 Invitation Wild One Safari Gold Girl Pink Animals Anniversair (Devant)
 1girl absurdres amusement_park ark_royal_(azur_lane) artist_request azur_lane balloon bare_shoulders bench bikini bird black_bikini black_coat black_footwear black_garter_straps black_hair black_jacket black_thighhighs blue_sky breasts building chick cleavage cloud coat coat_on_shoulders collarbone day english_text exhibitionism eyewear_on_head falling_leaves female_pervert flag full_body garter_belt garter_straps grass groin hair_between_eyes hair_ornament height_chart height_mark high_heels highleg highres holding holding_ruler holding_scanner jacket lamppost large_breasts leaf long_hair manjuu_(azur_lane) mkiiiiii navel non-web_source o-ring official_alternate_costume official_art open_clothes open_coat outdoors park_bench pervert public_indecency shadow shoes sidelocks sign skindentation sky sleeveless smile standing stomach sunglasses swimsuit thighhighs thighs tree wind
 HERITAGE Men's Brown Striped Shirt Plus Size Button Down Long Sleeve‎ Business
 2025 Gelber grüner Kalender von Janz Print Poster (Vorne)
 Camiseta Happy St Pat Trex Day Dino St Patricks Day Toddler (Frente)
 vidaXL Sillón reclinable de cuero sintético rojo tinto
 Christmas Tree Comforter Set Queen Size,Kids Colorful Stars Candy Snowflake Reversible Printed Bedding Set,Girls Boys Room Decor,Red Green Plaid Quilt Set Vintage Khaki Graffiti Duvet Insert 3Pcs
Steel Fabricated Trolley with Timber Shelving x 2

* [Action item]: All that is wanted is the set of lines from the one with "HERITAGE Men's Brown" through the last line of the entries, both included, output exactly.

* [Result of the exercise]:
 HERITAGE Men's Brown Striped Shirt Plus Size Button Down Long Sleeve‎ Business
 2025 Gelber grüner Kalender von Janz Print Poster (Vorne)
 Camiseta Happy St Pat Trex Day Dino St Patricks Day Toddler (Frente)
 vidaXL Sillón reclinable de cuero sintético rojo tinto
 Christmas Tree Comforter Set Queen Size,Kids Colorful Stars Candy Snowflake Reversible Printed Bedding Set,Girls Boys Room Decor,Red Green Plaid Quilt Set Vintage Khaki Graffiti Duvet Insert 3Pcs
Steel Fabricated Trolley with Timber Shelving x 2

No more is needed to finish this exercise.